Recently, a friend posted an item for sale on Facebook Marketplace. One interested buyer asked to continue the conversation over the phone. After sharing the number, our friend started getting suspicious texts and then those dreaded “here’s the access code you requested” messages. It’s a perfect example of how your personal digital habits (like posting a phone number online, reusing passwords, or not thinking twice about account security) can turn into a full-blown headache.
We talk a lot about cyber hygiene in business, but here’s the kicker: personal digital hygiene can make or break business security too. While no damage appears to have been done to our friend, it illustrates how important even personal cybersecurity is, especially to business owners.
Another infamous example of this occurred a couple of years ago at Cisco. This breach began when an employee’s personal Google account was compromised. The employee had enabled the Chrome browser password syncing, which ended up exposing his corporate credentials. Once hackers got those corporate credentials, it took a few more simple steps to access and steal TONS of Cisco data. One small personal habit spiraled into a massive business incident.
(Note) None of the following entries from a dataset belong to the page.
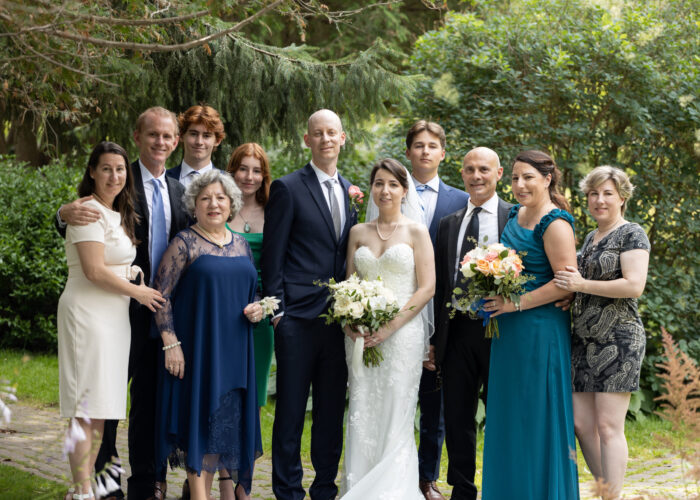 Wedding Photos Toronto. Garden Wedding pose. Bride with Groom and family.
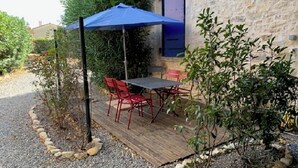 Une terrasse extérieure avec une table et des chaises, un parasol bleu et un mur en pierre.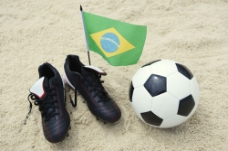 沙滩上的球鞋与足球图片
Here are 6 Ways Personal Habits can result in Business Breaches
1. Personal Email Hack
An employee gets a phishing email on their personal account, clicks a malicious link, and reuses that password on their work email or sets up secret forwarding rules. Considering that 44% of employees use the same passwords across personal and business accounts, this risk is hugely significant for business owners.
Or, think of that Cisco example above. Password management via internet browser is a massive security risk, and can easily allow a personal breach to become a much larger business breach.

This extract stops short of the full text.